After a brief conference, the officials ruled it a touchback.

“In my opinion, it was a blown call,” said Laurel, who totaled 167 yards from scrimmage and two touchdowns in his final high school contest. “One ref signaling touchdown, the others confused as to what happened.

“I was definitely over the goal line when the ball popped out. I hit the ground; my knees were down.”

Manteca still had opportunities to win. Enterprise’s ensuing drive was cut short when Manteca lineman Chris Aranda recovered a fumble on the Hornets’ 39.

The Buffaloes gave it right back on the next play, as Justin Abney — the receiver who fumbled just moments prior — picked off a pass intended for Nick Gatehouse at the 21.

Manteca’s defense came through again, forcing a three-and-out series and starting its final drive on its own 31. It ended on the Enterprise 36, as the Buffaloes’ final offensive play of the season was an underthrown ball to a well-covered Brandon Dabney on fourth-and-13.

“You have to hand it to them,” Manteca coach Eric Reis said. “They are a very physical football team. They’re very good; we just made a few too many mistakes to be able to pull it off.”

Enterprise (13-0) indeed deserves credit as it travels even farther south next Saturday to take on powerful Chaminade (West Hills) for the Division II state title at Carson’s StubHub Center. The Hornets were down 14-0 after the first quarter and shut out Manteca’s potent offense in the second half.

“That team was putting up 40 to 50 points a game, and 60 to 70 against some teams,” Enterprise coach Darren Trueblood. “To shut them down in the second half was just a tremendous effort by our coaching staff and our kids. They never lost their belief. They just keep winning.”

Things were looking bleak for Enterprise in the early going, as it ran just six offensive plays in the opening period. Manteca dominated the quarter, using 24 plays to take its two-score advantage on short-yardage runs from Laurel and Menzel.

Fleet-footed Izzy Perea gave the Hornets life with a 68-yard kickoff return, and they ended up scoring three unanswered touchdowns in a 4 minute, 11-second span.

“That put us right back in the ball game,” Trueblood said. “Once we tied it up our kids figured out that they could play on this stage.  Once they realized that they would not be denied.”

Isaiah Matthews (32 rushes, 166 yards, 2 TDs) punched in Enterprise’s first points with a 3-yard scamper with 11:31 left in the half. On Manteca’s third play of the following drive, Matthews recovered Michael Gonzalez’s fumble and ran it back to the Buffalo 32.

Quarterback Bobby Luken later knotted the score with a 4-yard run, and momentum was fully on the Hornets’ side when Jace O’Ravez — would later provide Enterprise with the deciding touchdown on the team’s second-half opening drive — recovered Sheldon Highfill’s squib kick.

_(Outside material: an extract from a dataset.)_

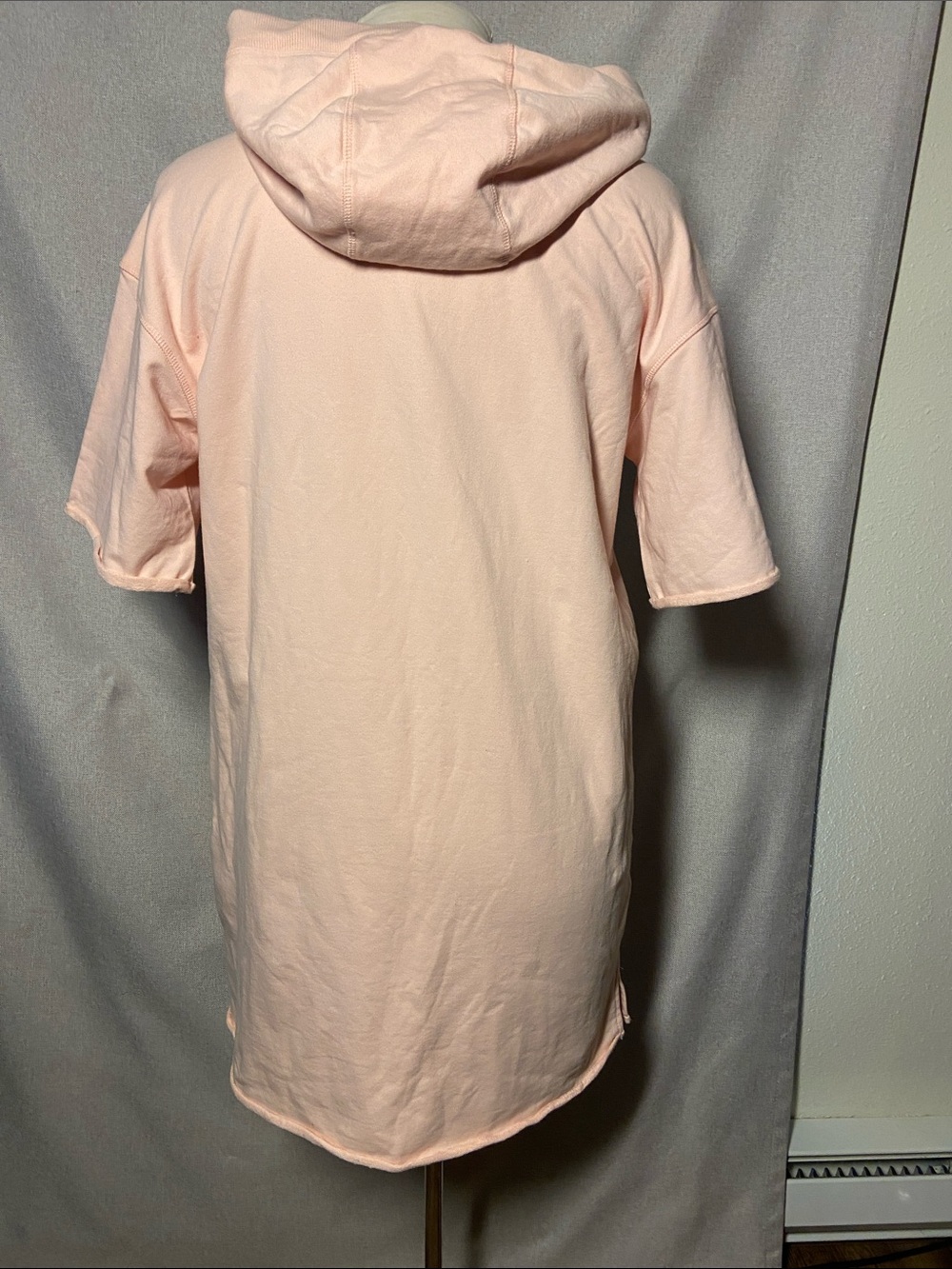 DKNY Peach Short-Sleeve Hooded Tunic with Black Logo Drawstrings. Size L/G/G - Picture 3 of 10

Matthews’ 1-yard score gave them their first lead with 7:20 to go in the second.

Manteca did well to weather the storm, answering with a scoring drive capped off by Laurel’s third-down, fingertips catch spanning 42 yards up the middle.

Unfortunately for the Buffs, the ball didn’t stay in his grasp long enough on the would-be touchdown.

“What do you do? I mean, it’s not the NFL,” Reis said. “I wanted to throw my red flag out there and check it. (Laurel) is a pretty (honest) guy and he swore up and down that he was in. But that’s football.”